When I asked Buffett about Kagame’s human rights record, he said that “it’s not my job to judge him. My job is to invest in a place where I can have an impact.” Buffett said he’d learned a lot about African leaders from many years of traveling the continent. “You can have a Kagame or you can have a Mugabe; there’s not a lot in between.” (Robert Mugabe was the long-time corrupt leader of Zimbabwe.) 

Thinking big

Buffett said that he first had the idea of creating an agricultural university in Africa in the early 2000s. Such schools have long existed in the U.S., starting with land grant universities, and helped fuel the country’s rise as an agricultural powerhouse. But these training institutions are in short supply in Africa, even though most people who live on the continent make their living from farming. 

Buffett settled on building the school in Rwanda, and also backing NAICO, after “two decades of learning and funding” across Africa. “We picked the place where we can get this done.” 

Beyond its strong governance, Buffett was drawn to Rwanda because he saw it as a perfect testing ground for new ways to help smallholder farmers. The country’s hilly terrain is sliced and diced into endless tiny growing plots that much of the population relies on to sustain their households.

The Rwandans who work this land, often with the most basic of tools, are among the many millions of small-scale farmers in Africa. According to an analysis by the foundation, these farmers include “the majority of the rural population that is food insecure.” Helping them do better, says the foundation, is the key to reducing hunger and raising living standards. 

While industrial agriculture may eventually come to Africa on a large scale, the foundation believes that this is many years away. For now, a brighter future for most African farmers lies in coaxing more productivity out of growing plots that often aren’t much bigger than a suburban American yard. 

Brainstorming ideas 

Buffett’s relationship with Kagame opened doors in Rwanda, but the foundation’s closest partner in the government has been the Ministry of Agriculture and Animal Resources, which is led by Gérardine Mukeshimana.

“Howard Buffett is one of the good friends of Rwanda,” Mukeshimana said when I met with her in Kigali. She told me that she and her team had a series of conversations with Buffett in 2014 and 2015 in which they discussed ways that the foundation could boost Rwandan agriculture. “We started brainstorming,” she said. “He wanted to change lives, but in a big way.” 

As Buffett tells the story, he and his team had to “build credibility” with the ministry and convince them that the foundation would follow through on its commitments. “We spent a lot of time with the minister. We had to sell ourselves.”

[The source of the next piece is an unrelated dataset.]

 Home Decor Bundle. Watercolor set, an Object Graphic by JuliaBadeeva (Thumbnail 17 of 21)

What eventually emerged from these conversations was a plan to do a major irrigation project that would have a big, near-term impact, but also to make a long-term investment by building the agricultural university that Buffett had been dreaming about for years. 

“I’ll bring rain”

The Nasho Irrigation Cooperative was the first of these ventures to roll out, beginning operation in 2016 in an arid region of eastern Rwanda. Magnifique Nzaramba, who led the government’s work on NAICO, recalled setting up a meeting between Buffett and the farmers who would benefit from the project. “I want to give you rain you can turn on and turn off,” he told the farmers. 

Most of them couldn’t grasp what Buffett was talking about. The “rain” would come from dozens of center pivot irrigation systems powered by solar energy. The pivots are big, long mechanical apparatuses with sprinklers that slowly swing around cropland in a big circle, watering everything below.  

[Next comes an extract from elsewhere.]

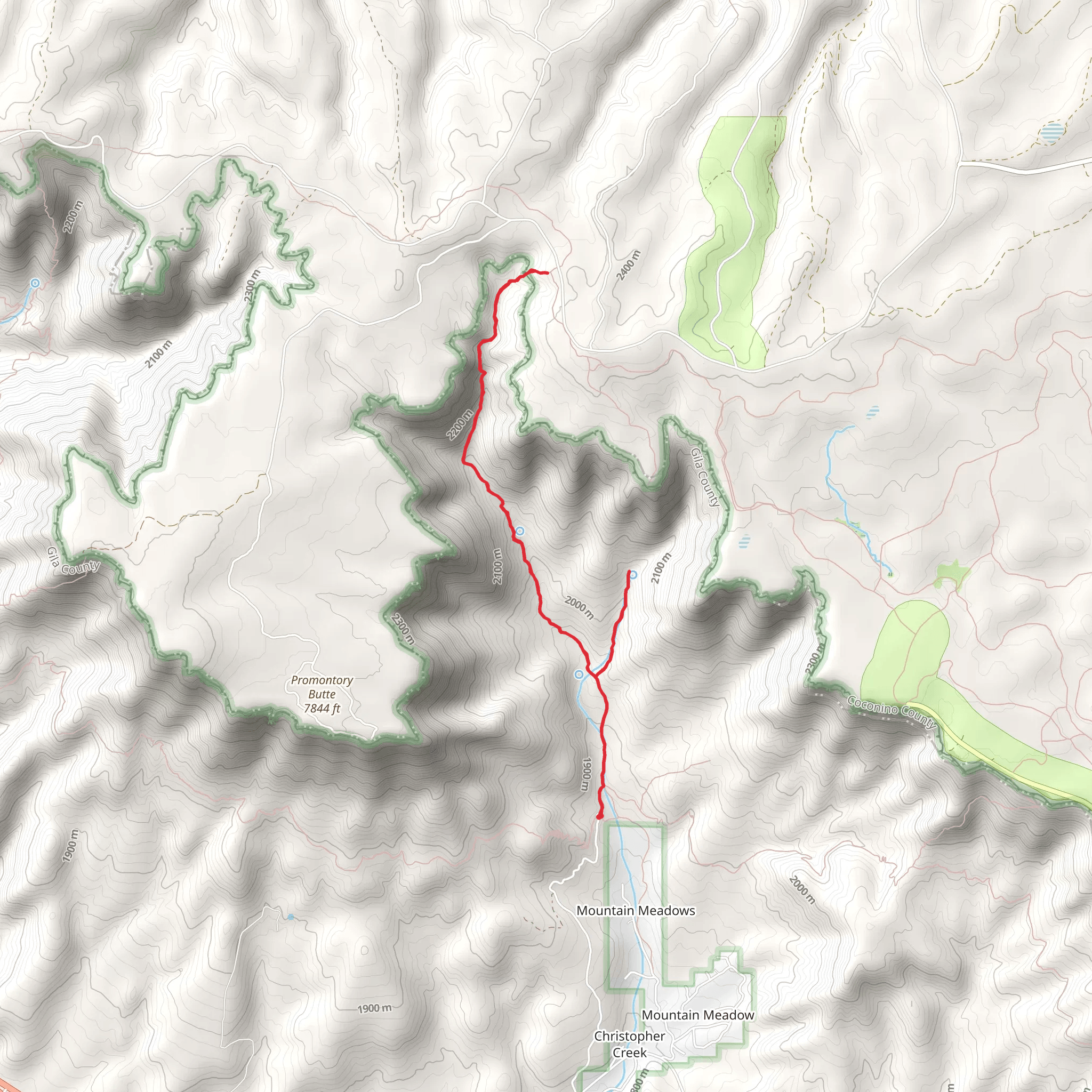 See Canyon Trail mobile static map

Irrigated land at NAICO. Photo: Howard G. Buffett

The Buffett Foundation agreed to cover the cost of the pivots, along with the solar panels, storage batteries and water piping — equipment that would be purchased from overseas. Nzaramba told me that when he shared his initial proposal for the system, Buffett said: “Let’s double it.” That reaction was typical of Buffett, Nzaramba would learn. “He’s always looking to do more.”

Ultimately, NAICO came to have 63 center pivots and a 3.3-megawatt solar plant that covers land worked by 2,099 small farmers. Nzaramba said that he thought that building this infrastructure would be the hardest part of the project. It wasn’t. The real work came in convincing farmers to relocate from homes on land that would be under the pivots and move to new houses built by the government. The farmers also had to be persuaded to grow the same crops and work together far more closely in a cooperative. Another shift has been to use improved seeds and fertilizers, among other changes in farming practices that aim to boost productivity. 

These efforts took time, but Nzaramba said that the farmers who became part of NAICO have now increased their crop yields six-fold. These earnings are enabling the farmers to pay all the costs of operating the irrigation equipment and solar plant, which requires a small staff — making the system self-sustaining, with no further funding from the foundation. Achieving that goal was important to Buffett, said Minister Mukeshimana. “He’s all about sustainability.”

As for Buffett’s main goal for NAICO — a big, near-term impact — Mukeshimana said that this cropland is now the most productive in all of Rwanda. “In the course of a few years, it’s really changed how people live.”

A school rises

Building a new agricultural university from scratch has taken more time. Once the foundation got the go-ahead from the Rwandan government and secured the land for RICA, its next move was to bring in the University of Nebraska-Lincoln (UNL) to work out all the details — like staffing up a faculty, developing a curriculum, and developing ideas for a campus where students could engage in experiential learning. 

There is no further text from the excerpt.